Once upon a time, a man named Tim Burton wrote a story about a boy who was part oyster. Now, the Inbal Pinto Dance Company has brought Burton’s unique Ed Gory-esque tale to the stage. If you happen to live in the San Francisco Bay Area, you might want to check it out.

Described by The Village Voice as “Part surreal vaudeville, part circus, and part toy store after midnight”, “Oyster”  will premier at the Yerba Buena Center for the Arts in San Francisco tomorrow and play through Sunday.

Burton’s “The Melancholic Death of Oyster Boy” is a rhyming (think Dr. Seuss) children’s story of a bivalve boy who meets a terrible end. You can read the story and see Burton’s drawings for it at homepage.eircom.net/~sebulbac/burton/oysterboy.html.

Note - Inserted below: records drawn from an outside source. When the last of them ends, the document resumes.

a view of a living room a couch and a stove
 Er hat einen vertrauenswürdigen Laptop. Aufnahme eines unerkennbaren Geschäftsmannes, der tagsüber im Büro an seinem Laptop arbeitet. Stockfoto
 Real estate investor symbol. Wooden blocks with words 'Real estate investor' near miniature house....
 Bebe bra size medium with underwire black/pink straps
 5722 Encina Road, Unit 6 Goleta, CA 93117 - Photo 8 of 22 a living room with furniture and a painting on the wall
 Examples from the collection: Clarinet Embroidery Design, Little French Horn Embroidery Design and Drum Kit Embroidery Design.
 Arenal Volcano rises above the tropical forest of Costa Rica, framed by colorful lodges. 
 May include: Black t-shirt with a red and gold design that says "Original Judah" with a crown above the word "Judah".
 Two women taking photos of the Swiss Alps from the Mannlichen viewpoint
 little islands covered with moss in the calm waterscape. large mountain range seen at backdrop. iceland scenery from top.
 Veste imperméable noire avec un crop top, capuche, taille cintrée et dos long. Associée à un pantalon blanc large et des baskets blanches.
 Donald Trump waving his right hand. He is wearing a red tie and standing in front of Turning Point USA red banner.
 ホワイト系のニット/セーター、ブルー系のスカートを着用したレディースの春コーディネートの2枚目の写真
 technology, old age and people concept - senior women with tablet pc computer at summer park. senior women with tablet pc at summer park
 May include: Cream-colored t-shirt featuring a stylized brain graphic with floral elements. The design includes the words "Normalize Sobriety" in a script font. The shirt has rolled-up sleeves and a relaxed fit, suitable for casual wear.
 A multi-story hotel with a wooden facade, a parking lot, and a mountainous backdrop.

Choreographer and designer Inbal Pinto was inspired by this tale to create “Oyster” with artistic director Avshalom Pollak. According to UC Davis’s website, the one-hour show is like something Burton would create if he “directed a Cirque du Soleil show starring a modern dance company.” Oyster is a series of circus-like vignettes “at once comical, grotesque and strangely beautiful,” the website continues. “Each skit is perverse in its own way, featuring a crazed, red-headed ballerina with a stool fastened to her posterior, armless dancers in tuxedos, an aerial pas de deux, bodyless dancing legs, performers on strings, and plenty of bizarre clowns and mimes.” A video clip of the performance is available at www.wpas.org/performances/event.php?id=148.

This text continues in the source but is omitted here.